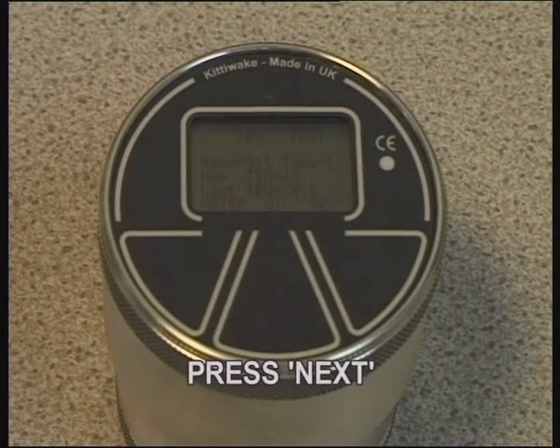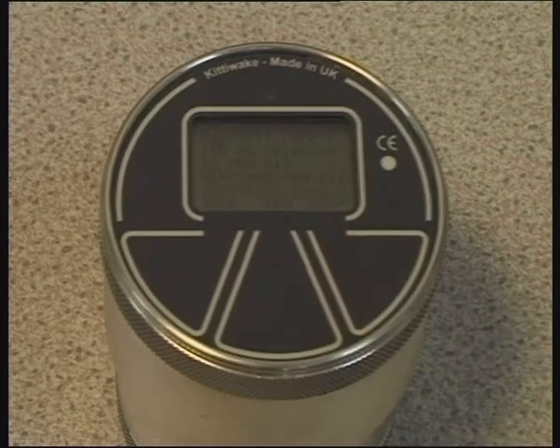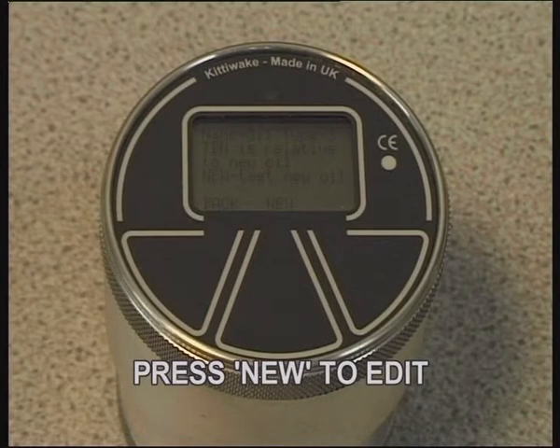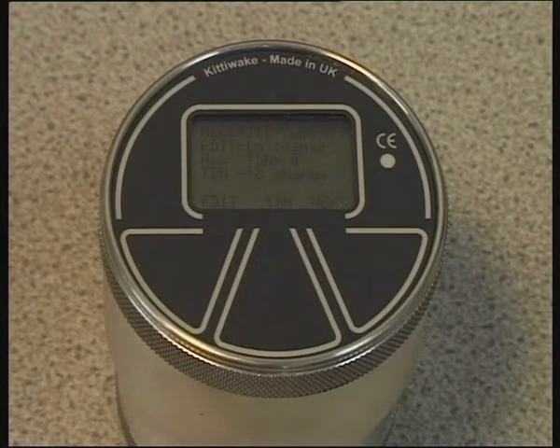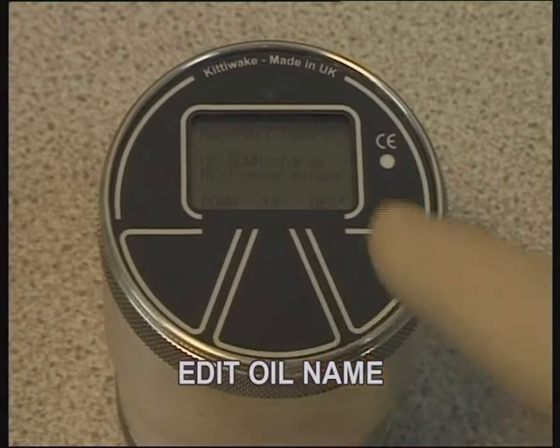Press Next to continue to edit or to create a new oil. Press New to edit the new oil. Press Edit, then up or down to edit the new oil's name. Press Next to move to the following character.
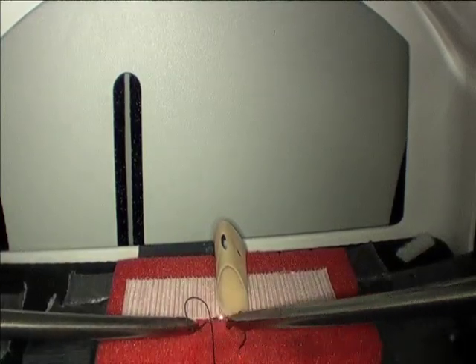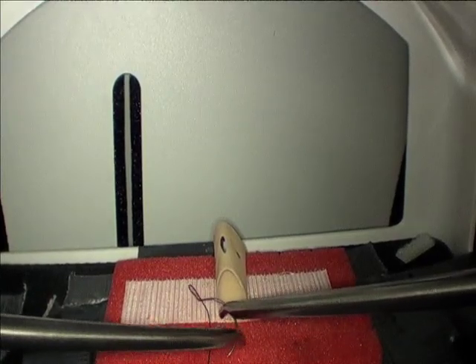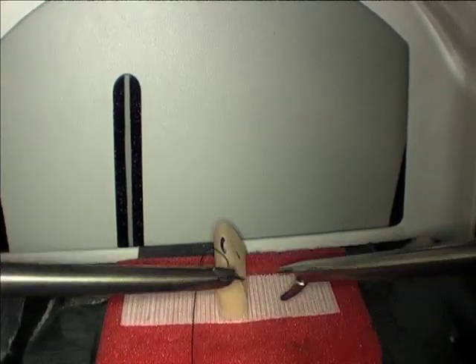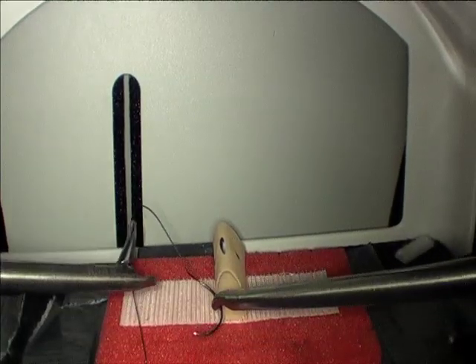A lot of people struggle loading the needle into their needle driver, placing it onto the tissue, fumbling with two hands trying to load it in the proper orientation. This takes time and is inefficient.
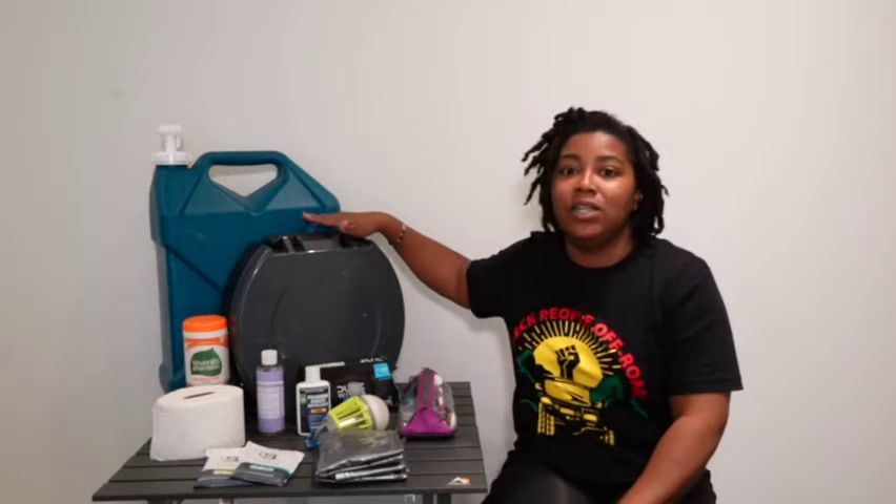My name is Sonya Staples with Staples Intents, and today I'm going to talk about our bathroom setup. A few weeks ago I talked specifically about our toilet — I did a review on this Reliance Fold and Go toilet — but today I'm going to talk about the entire setup. If you want to know more about the toilet, check out the link in the description box where I give you a full review and tell you how to set it up and break it down.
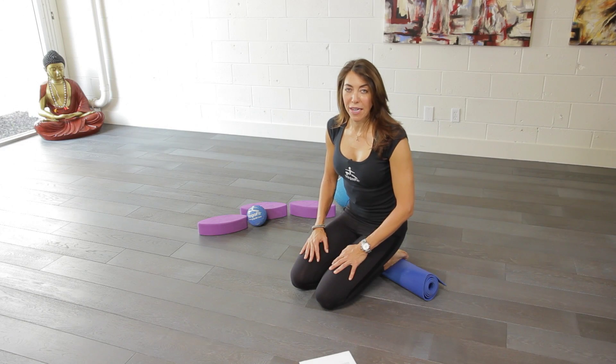Hi, I'm Beth Shaw, founder of YogaFit. Today we're going to do a posture to stretch our knees and our quadriceps. So many of us through exercise and sports have tight knees and tight quadriceps.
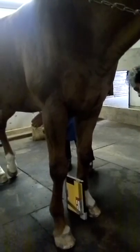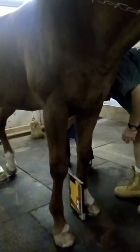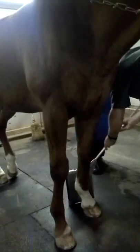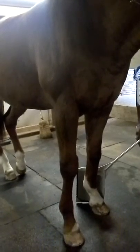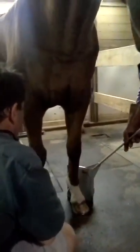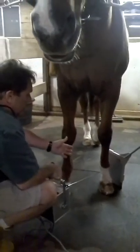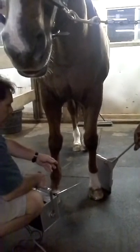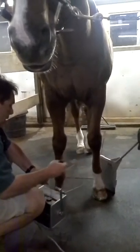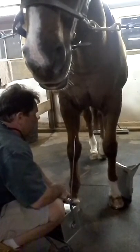The next view you would take would be the medial oblique, which would be turning around this way, positioning in this position. You're taking a medial oblique, which means you're coming from this direction so that you can highlight the different sesamoids — specifically the medial sesamoids and all the anatomy on the medial side of the bone, of the leg. You take it from this side, put your pointer up, and take the picture.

# # # # #

= Task instructions =
All of the records above are to be copied exactly, minus the pictures.

= Task answer =
Press Next to continue to edit or to create a new oil. Press New to edit the new oil. Press Edit, then up or down to edit the new oil's name. Press Next to move to the following character.
A lot of people struggle loading the needle into their needle driver, placing it onto the tissue, fumbling with two hands trying to load it in the proper orientation. This takes time and is inefficient.
My name is Sonya Staples with Staples Intents, and today I'm going to talk about our bathroom setup. A few weeks ago I talked specifically about our toilet — I did a review on this Reliance Fold and Go toilet — but today I'm going to talk about the entire setup. If you want to know more about the toilet, check out the link in the description box where I give you a full review and tell you how to set it up and break it down.
Hi, I'm Beth Shaw, founder of YogaFit. Today we're going to do a posture to stretch our knees and our quadriceps. So many of us through exercise and sports have tight knees and tight quadriceps.
The next view you would take would be the medial oblique, which would be turning around this way, positioning in this position. You're taking a medial oblique, which means you're coming from this direction so that you can highlight the different sesamoids — specifically the medial sesamoids and all the anatomy on the medial side of the bone, of the leg. You take it from this side, put your pointer up, and take the picture.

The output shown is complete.